InícioSérie OuroIlhaFreddy Ferreira analisa a bateria da União da Ilha no ensaio técnico

Freddy Ferreira analisa a bateria da União da Ilha no ensaio técnico

A bateria da União da Ilha do Governador, comandada pelo mestre Marcelo Santos, fez um ensaio técnico excelente. Um ritmo de classe, além de técnica apurada nos mais diversos naipes. As construções musicais dos arranjos tiveram êxito completo. Mesmo não sendo paradinhas tão complexas, o resultado conseguido através da simplicidade foi musicalmente cativante, enchendo de valor o peculiar ritmo insulano.

A cozinha da “Baterilha” exibiu uma sonoridade ímpar, de imensa qualidade musical. Com uma afinação extremamente privilegiada de surdos, além de marcadores precisos e seguros. Tanto a primeira, quanto a segunda tocaram com leveza, tirando som do instrumento sem dar pancada na peça. Os surdos de terceira propiciaram bom balanço ao ritmo insulano, bem como os repiques da bateria da Ilha foram tanto seguros, quanto coesos. Um naipe de caixas de guerra de expressivo destaque foi notado, realizando a clássica batida rufada da bateria da Ilha.

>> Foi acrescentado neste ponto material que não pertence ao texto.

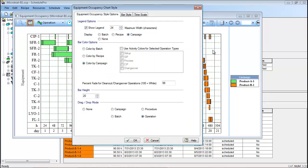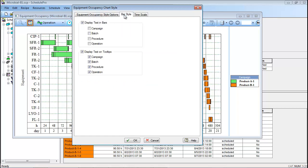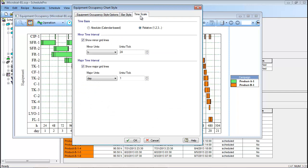Here, you can specify that the chart color scheme should be based on batches, recipes, or campaigns. Note that there are also tabs which allow you to change the bar style and the timescale at the bottom of the chart. It is also possible to change the timescale to calendar-based rather than a relative basis starting at Day 1.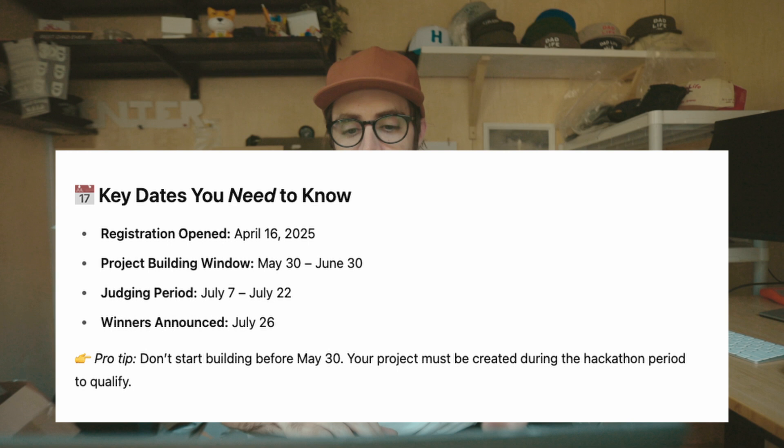It's basically like a junior developer for writing code — you tell it what to do and it does it. Sometimes it's good, sometimes it's bad, but I've been using it for a month or two now and it's been awesome. I have a few projects on it. But back to the Bolt hackathon.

Historicamente o naipe de tamborins da União da Ilha sempre foi forte e nesse ensaio técnico deixou bem clara sua musicalidade diferenciada, adicionando um valor sonoro precioso a “Baterilha”. Uma ala de cuícas que produziu boa sonoridade também foi notada, bem como agogôs padronizados que desenvolveram um ritmo de amplo destaque, agregando qualidade musical a unidade sonora. O naipe de chocalhos também auxiliou no preenchimento musical do ritmo com precisão e de modo eficaz na parte de frente da bateriavda Ilha.

A subida de três de surdos tradicional da União da Ilha do Governador acrescentou molho ao ritmo insulano, bem como permitiu um boa fluência de todas as peças após sua execução sempre bem realizada.

A grande construção musical da paradinha do refrão do meio impressiona por unir pressão de batidas de naipes em conjunto e um grau de dificuldade elevado. Com ênfase no balanço dos surdos de terceira, ainda conta com destaque sonoro para os três tapas dos tamborins seguidos de uma rufada de caixa.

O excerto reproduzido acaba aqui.